I speak occasionally of my mother and our sometimes stunted relationship. I love the idea of being around her, but the actuality of it is not the same as my ephemeral envisionings. I long for her, and yet when we meet up I experience the same fear of rejection and judgement as I did as a child. Example: I can look in the mirror one day and be mildly satisfied with myself, but on a day my mother is coming for a visit, I labor in the mirror for hours without finding any real satisfaction. I see myself through her eyes, and her vision is fine-point and exclusive. Impossible to please. I sweat and shake. Meeting my mother is never an easy process, and yet as I said, I love her too much to stay away for too long.

But I do see the humor in our relationship, one that is akin to a Debbie Reynolds and Carrie Fischer—if you want to make comparisons. I could write a book about it and relish in the material that was once fodder for tears but now—with time and space easing the pain—a venue of satire. But then I see it falling into my mother’s hands and the vision closes down like a guillotine. It would hurt her, because she has her own ephemeral envisionings.

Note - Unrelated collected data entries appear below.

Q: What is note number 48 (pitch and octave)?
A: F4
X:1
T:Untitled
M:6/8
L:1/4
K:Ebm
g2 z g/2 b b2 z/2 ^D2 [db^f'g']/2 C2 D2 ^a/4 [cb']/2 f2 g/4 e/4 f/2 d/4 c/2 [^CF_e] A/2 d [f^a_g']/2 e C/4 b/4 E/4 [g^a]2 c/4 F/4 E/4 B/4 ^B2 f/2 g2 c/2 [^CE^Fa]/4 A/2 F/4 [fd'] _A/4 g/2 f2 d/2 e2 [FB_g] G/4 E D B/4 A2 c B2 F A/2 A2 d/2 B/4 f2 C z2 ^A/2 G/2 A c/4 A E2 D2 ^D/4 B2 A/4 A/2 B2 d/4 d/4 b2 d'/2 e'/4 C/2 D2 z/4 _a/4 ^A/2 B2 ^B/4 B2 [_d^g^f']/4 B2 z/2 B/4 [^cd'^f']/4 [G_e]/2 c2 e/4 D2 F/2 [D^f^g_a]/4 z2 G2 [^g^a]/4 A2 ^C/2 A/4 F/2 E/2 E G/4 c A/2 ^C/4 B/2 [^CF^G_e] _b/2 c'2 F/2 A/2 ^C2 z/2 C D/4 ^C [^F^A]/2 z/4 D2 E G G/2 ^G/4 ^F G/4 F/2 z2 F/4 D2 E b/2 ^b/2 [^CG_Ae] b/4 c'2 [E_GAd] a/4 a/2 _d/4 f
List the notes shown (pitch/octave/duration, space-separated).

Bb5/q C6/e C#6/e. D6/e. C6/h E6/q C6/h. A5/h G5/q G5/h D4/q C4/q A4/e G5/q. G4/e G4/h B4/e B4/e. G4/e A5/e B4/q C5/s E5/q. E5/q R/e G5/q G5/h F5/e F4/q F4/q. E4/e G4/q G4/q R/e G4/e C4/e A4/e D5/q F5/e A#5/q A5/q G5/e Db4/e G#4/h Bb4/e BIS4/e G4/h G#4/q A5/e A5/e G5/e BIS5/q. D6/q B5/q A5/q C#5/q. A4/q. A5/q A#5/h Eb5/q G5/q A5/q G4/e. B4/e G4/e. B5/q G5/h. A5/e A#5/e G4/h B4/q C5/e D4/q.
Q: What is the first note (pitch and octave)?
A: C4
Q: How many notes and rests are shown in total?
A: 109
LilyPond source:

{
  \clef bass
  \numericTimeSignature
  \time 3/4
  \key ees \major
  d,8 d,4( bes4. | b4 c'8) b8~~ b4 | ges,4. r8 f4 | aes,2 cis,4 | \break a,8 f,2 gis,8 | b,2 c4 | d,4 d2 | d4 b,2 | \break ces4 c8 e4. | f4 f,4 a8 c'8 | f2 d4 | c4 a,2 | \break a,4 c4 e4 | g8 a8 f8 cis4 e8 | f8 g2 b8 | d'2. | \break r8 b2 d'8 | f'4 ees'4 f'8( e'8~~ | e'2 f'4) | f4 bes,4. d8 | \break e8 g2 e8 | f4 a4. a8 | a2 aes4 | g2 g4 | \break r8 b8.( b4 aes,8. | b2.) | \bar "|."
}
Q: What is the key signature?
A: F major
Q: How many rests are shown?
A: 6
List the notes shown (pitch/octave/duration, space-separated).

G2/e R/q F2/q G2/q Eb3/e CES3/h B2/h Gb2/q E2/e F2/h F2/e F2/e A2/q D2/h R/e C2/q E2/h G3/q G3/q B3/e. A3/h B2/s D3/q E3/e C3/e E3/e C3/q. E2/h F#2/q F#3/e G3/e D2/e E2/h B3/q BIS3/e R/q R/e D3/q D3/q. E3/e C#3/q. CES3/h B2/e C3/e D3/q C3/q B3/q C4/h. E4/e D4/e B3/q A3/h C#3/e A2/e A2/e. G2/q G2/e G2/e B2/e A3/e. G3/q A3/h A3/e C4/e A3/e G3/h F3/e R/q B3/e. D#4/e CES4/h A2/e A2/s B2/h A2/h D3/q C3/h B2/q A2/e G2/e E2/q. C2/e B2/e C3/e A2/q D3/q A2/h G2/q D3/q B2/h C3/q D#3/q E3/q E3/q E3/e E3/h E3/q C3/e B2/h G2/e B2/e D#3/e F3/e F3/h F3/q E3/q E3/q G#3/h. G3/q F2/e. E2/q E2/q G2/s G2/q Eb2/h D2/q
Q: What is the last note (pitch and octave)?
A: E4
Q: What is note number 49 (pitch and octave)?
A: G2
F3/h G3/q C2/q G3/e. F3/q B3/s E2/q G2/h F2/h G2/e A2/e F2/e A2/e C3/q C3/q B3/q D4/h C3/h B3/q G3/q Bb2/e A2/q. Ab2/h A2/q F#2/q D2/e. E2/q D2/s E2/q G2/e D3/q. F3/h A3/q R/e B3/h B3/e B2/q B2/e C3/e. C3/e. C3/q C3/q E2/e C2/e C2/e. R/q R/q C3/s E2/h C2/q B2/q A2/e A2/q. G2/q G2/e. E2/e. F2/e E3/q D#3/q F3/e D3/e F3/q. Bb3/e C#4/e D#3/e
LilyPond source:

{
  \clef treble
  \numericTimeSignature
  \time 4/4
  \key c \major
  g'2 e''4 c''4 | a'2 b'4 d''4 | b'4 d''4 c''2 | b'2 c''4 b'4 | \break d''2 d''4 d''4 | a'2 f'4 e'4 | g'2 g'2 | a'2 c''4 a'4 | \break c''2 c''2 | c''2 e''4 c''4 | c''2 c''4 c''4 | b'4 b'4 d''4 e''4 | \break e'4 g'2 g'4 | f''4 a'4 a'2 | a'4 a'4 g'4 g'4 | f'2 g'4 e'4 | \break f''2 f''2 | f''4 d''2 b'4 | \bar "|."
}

Did I ever tell you my mother writes too? Funny stories, romantic stories. Novels about crime and espionage. Nothing on the New York Times best seller list, but books all the same. She pushes me to write publishable work so that I can escape the financial woes of motherhood. You should write for Avon. Take all your little essays and put them in a book. What about your lyrics? Those would make good material for poetry contests. I tell her Im writing a quirky lit about the 1976 Bicentennial. She seems deflated. That will never sell.

Write a romance and call me in the morning.

If I ever do break through this market and get published, she’ll be in for a shock. The loud, profane voice of a fourteen-year-old boy on the verge of sexual exploration. His mother, also on the verge of sexual exploration—will push my mother to denial. You didn’t write that. Someone else wrote that. Or. Why did you write that? That is, perhaps, the hardest question to asnwer, becasue . . . I don’t know why. I just write. It’s saved me many, many times as of late, to just write. To not think. To purge and allow. So seldom have I been able to release in my life, but I am able to in fiction. There are voices inside me that I don’t always understand. Sometimes I am of the male persuasion, cussing and hitting at things; othertimes I am soft and ride a wave of gentility that is overtly feminine. Both are inside me. Both demand release.

The other day my mother came over to babysit for an hour or so while I ran an errand. I had forgotten that one of my favorite books All My Friends Are Going to Be Strangers was on the coffee table, atop various magazine and newspapers. My mother looks through, and reads, everything—including mail. When I came back and saw the book had been flipped through, I frantically read the first page, because an itch of a worry had been inside my brain at seeing it lying there. The first page was about Godwin and his ‘fuckist’ theory. Damn. Mother must’ve had a nice shock with that one. Then I started to laugh. Welcome to my brain, mother. I love vulgar and vile as much as beautiful and sometimes I find the former in the latter. Sometimes not. If she would have read the rest of the book she’d find a journey of a man with one of the most intense narratives I’ve ever come across in any book. Most likely she got to Godwin and put it down.

When—one day—my book comes out, I will hesitate before showing it to the one person I’ve been dying to impress my entire life. I may not show it to her at all. Haven’t figured it out yet. Truth is, that one last speck of love she has for me dangles over my head like a carrot and I fear its demise. My glory could be the death of the carrot.